Grupo de 'martas' en el colegio de las Madres Reparadoras de Madrid el 30 de septiembre de 1961.

Mari Paz Moreno cuenta en el documental que ella se apuntó, precisamente, porque “quería aprender inglés”. Era una joven con formación, trabajaba en Europa Press, y tenía ansia de mundo. Al llegar allá, descubrió que el ambiente urbano era “un cementerio” en el que, a las seis de la tarde, ya no había donde “tomar un café”. Pero a cambio, concluye, “en muchas cosas” Australia “era un país con futuro”, Mientras que España, entonces, “era un país con pasado”. La historia de Australia se escribió así con los nombres, entre millares de españoles, de mujeres como Carmina Álvarez Patallo, Juli de la Rosa, Puri Paredes, Mari Cruz Vázquez, Maruja Vesuña, Irene González, Cruz Pereira, Ana María Godino, María José Ugarte, Teresa Santamaría, Leontina García, Genoveva Mateo, María Cruz del Álamo, Julia González o Begoña Zubiaur, y de hombres, como Francisco Javier Montero, Urano Mateo o Eulogio Altuna, que a sus 93 años, y ya de vuelta en Donostia, es el recuerdo vivo de los cortadores de caña.

Ortiz Ceberio explica que “las primeras no pagaron el billete” de ida. Mientras que las siguientes, tras el efecto llamada, “tenían que costear una parte”. El resto corría a cargo de las diferentes Administraciones interesadas en esas migraciones. Si se morían de pena y querían regresar antes de los dos años, las martas tenían que pagar su deuda, además del pasaje de vuelta. Pese a todo, para muchas la perspectiva en España no era mejor y cuando se acabó el convenio entre países “había cientos y cientos de mujeres” en espera, “pidiendo venir a Australia”, cuenta la investigadora.
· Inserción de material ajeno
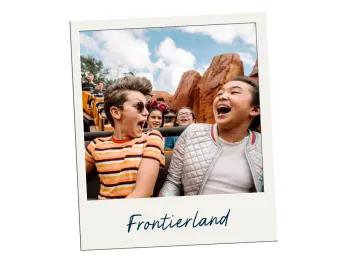 Frontierland Two kids, one boy wearing glasses and one girl, are sat on a ride with wild west theming. In the background there are large orange rocks.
Grupo de 'martas' en Madrid en 1962.

Normalmente, las que ya estaban “se habían callado” lo mal que lo llegaron a pasar sirviendo en casas, en un país cuyo idioma desconocían. Para dar “apoyo espiritual” y ayudar a las martas con los problemas que surgieran en el trabajo, o bien cuando su ánimo flaqueaba, la Iglesia envió a tres “hermanas laicas”: Paquita Bretón, María Luisa Erro y Mari Carmen Cervera. Allí se conoce como “mal del inmigrante o mal de Australia”, señala la catedrática, la “depresión” y la “desesperación” por estar “lejos de todo”. Sin escapatoria en la isla, a una distancia “imposible de vencer”.